Julia Sass Rubin, a professor of public policy in New Jersey, took a close look at the CREDO study of charter schools and made a startling discovery: the press release misrepresents the findings of the study.

It recognized the dramatic demographic differences between the students in public schools and in charter schools (“the traditional public schools it looked at served four and a half times as many students with Limited English Proficiency and one and a half times as many special-needs students as did the charter schools”) but ignored the severity of students’ disability or language difficulty.

This is an excerpt from her longer analysis. Rubin wrote:

“The CREDO press release claimed that “New Jersey charter public schools significantly outperform their district school peers.” However, this is not even remotely what the CREDO study found.

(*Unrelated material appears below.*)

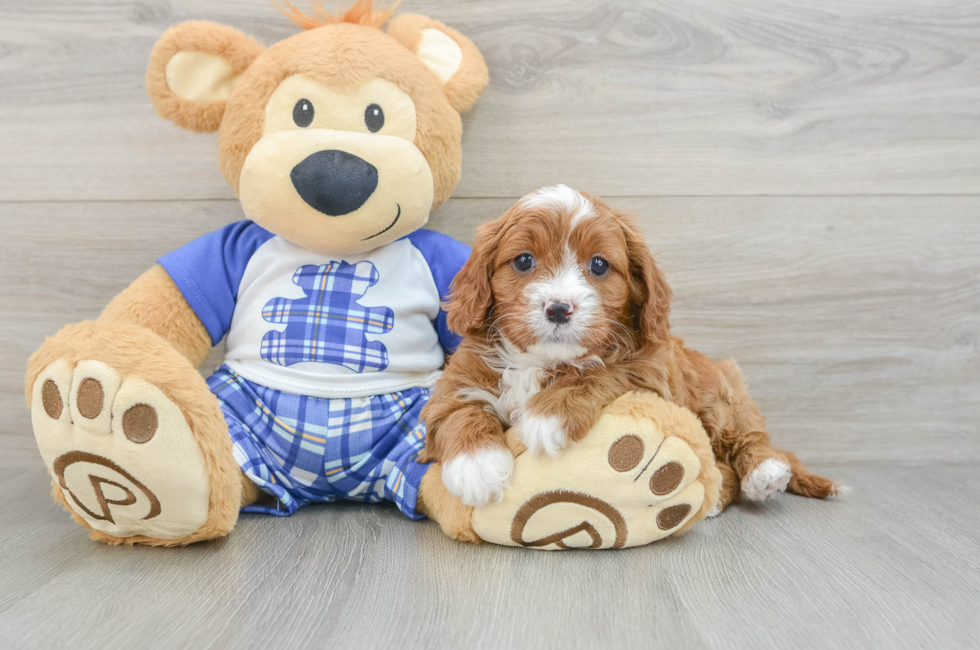 5 week old Cavapoo Puppy For Sale - Puppy Love PR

“First, the CREDO study looked at only about half of New Jersey’s charter schools (46 out of 86).
Second, the study excluded another quarter of the state’s charter school students (23 percent), particularly those from groups that score lower on standardized test scores (students who have to repeat a grade, students with special needs, and students with limited knowledge of English).
Third, the study did not include students who had left charter schools. This is especially problematic given the significant attrition levels at the highest scoring charter schools, with the most academically challenged students the most likely to leave.

“So what did the CREDO study find about the performance of the remaining students?

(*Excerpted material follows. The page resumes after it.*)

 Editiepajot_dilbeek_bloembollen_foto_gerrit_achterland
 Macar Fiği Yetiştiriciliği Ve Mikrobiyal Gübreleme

“The vast majority of charter school students performed worse or at the same level as students in the traditional public schools from which they came (70 percent lower or same in math and 60 percent lower or same in reading).

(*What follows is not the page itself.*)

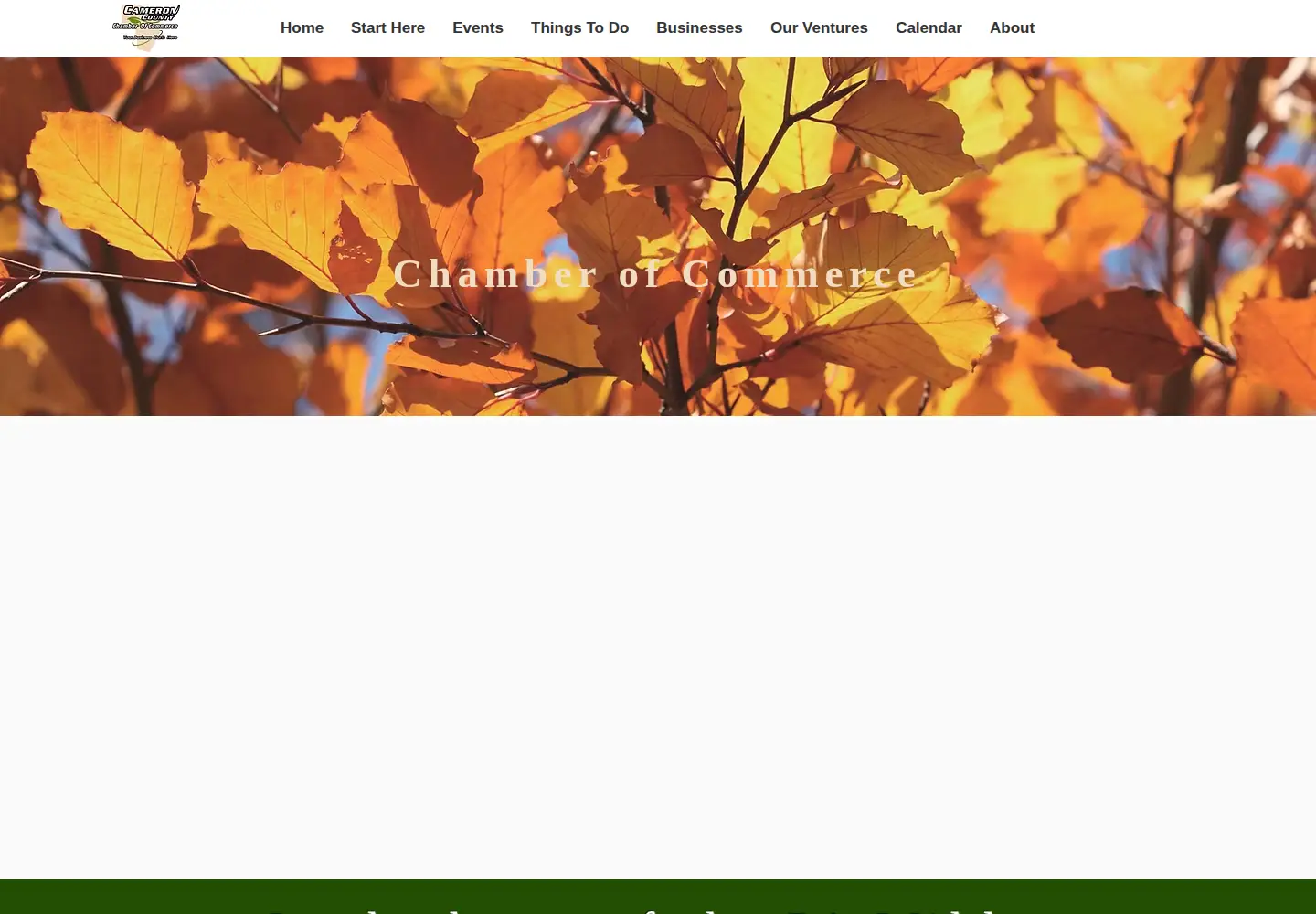 Captured homepage of cameroncountychamber.org in the current scan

“The charter school students who performed better were located almost exclusively in Newark, while charter school students in other cities and rural areas consistently and significantly underperformed their traditional public school peers.

“The charter school students who performed better did so only for their first two years at the charter school, while their third year performance was actually worse than their traditional public school counterparts.

“In other words, the study looked at a limited sample of charter school students, excluding those most likely to be academically challenged, and still found that only a minority of those students outperformed their traditional public school counterparts, and only for some of the years studied.

“Which brings us back to the first question: How can an institution that claims to be academically objective put out a press release that is so misleading about the study’s findings?”